Non mancano i classici diari, taccuini, documenti e player multimediali sparsi negli ambienti al chiuso che documentano storie di famiglie ed amici caduti in disgrazia perché infettati, intrappolati, obbligati a mandare altri in cerca di scorte, costretti a fare del male per sopravvivere, e così via. Benché in numero limitato, in alcuni posti c’è nascosta bene anche qualche cassaforte, la cui combinazione va trovata in un apposito appunto scritto a mano, mai troppo lontano dalla cassaforte stessa.

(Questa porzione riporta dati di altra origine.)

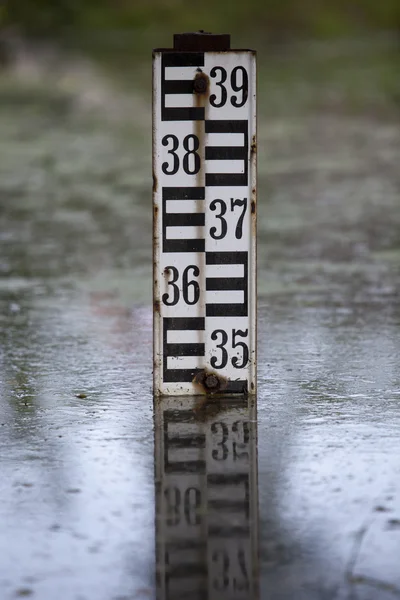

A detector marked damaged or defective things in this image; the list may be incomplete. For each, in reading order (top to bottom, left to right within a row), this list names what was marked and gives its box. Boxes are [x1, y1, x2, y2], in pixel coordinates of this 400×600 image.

rusted metal cap [173, 31, 231, 51]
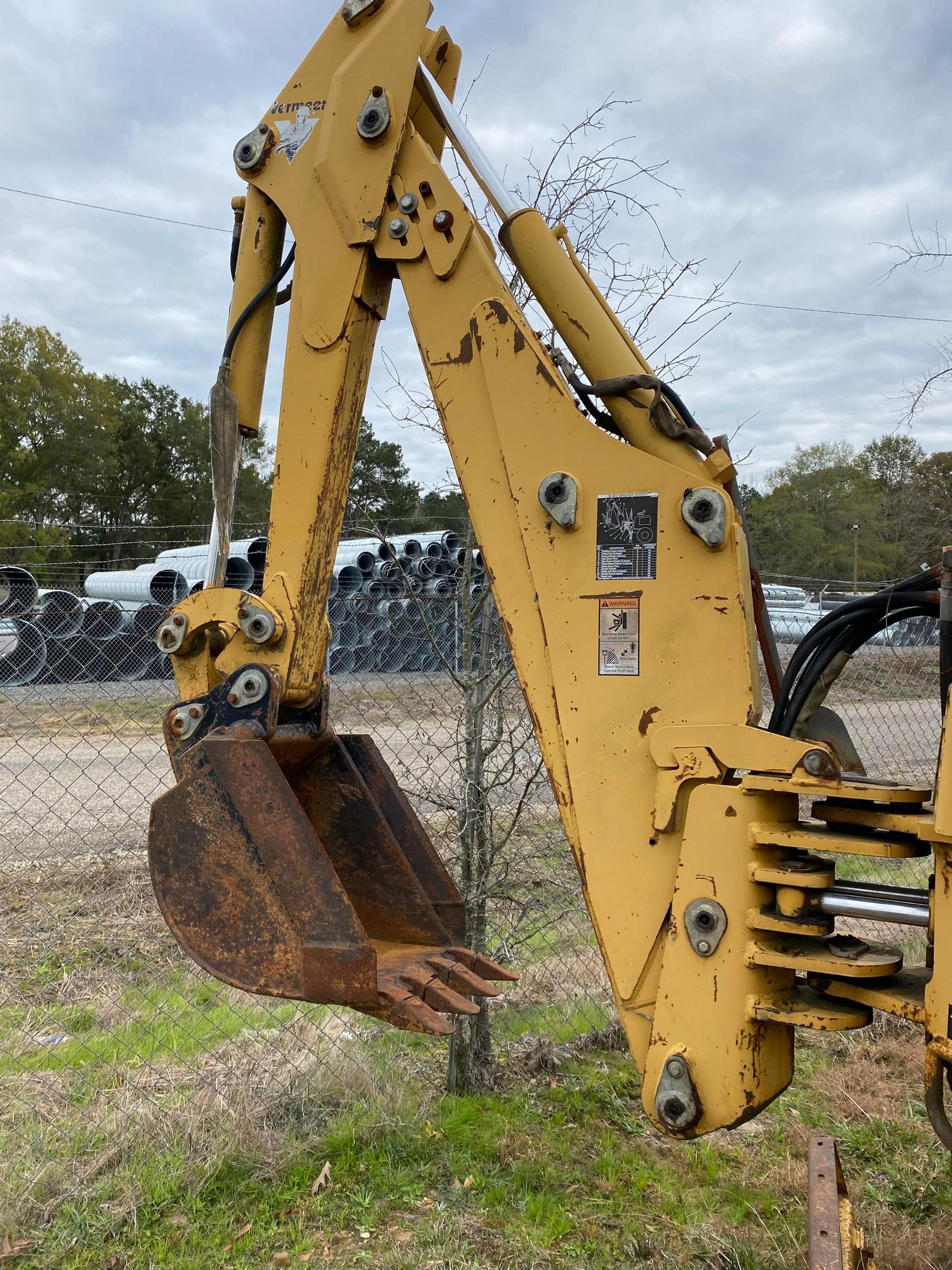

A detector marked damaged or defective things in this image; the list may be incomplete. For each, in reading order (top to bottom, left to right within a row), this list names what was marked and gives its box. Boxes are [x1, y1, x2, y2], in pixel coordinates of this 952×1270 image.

Approfondimento: ecco la nostra guida sulle casseforti e combinazioni
Vale la pena comprare il remake?
Veniamo all’aspetto più controverso del gioco: lo scetticismo di tanti gamers nel comprare a prezzo pieno un gioco che, nonostante i cambiamenti apportati, hanno giocato e rigiocato anni fa. Vale la pena spendere 70/80 Euro per acquistare il remake di un titolo vecchio di quasi 10 anni e di cui abbiamo già giocato anche una remastered?
Approfondimento: The Last of Us Parte I è davvero necessario?
Prima di qualsiasi discorso o giro di parole, chi scrive vi dà una risposta: Nì. Nessuna indecisione nel dire sì o no, nessuna strategia per correre ai ripari da eventuali critiche o disaccordi di chi legge. Semplicemente sarebbe troppo soggettivo esprimere un sì o un no, poiché ciascuna delle due risposte non terrebbe conto di troppi fattori, che non possono certo essere trascurati. Ci teniamo a sottolineare che, dopo un’attenta riflessione, riteniamo che tale aspetto pesi sull’acquisto del gioco – così come influiscono gli aspetti tecnici, se non di più – e che vada quindi ad incidere sul voto finale di questa recensione, che avrebbe avuto almeno mezzo punto in più.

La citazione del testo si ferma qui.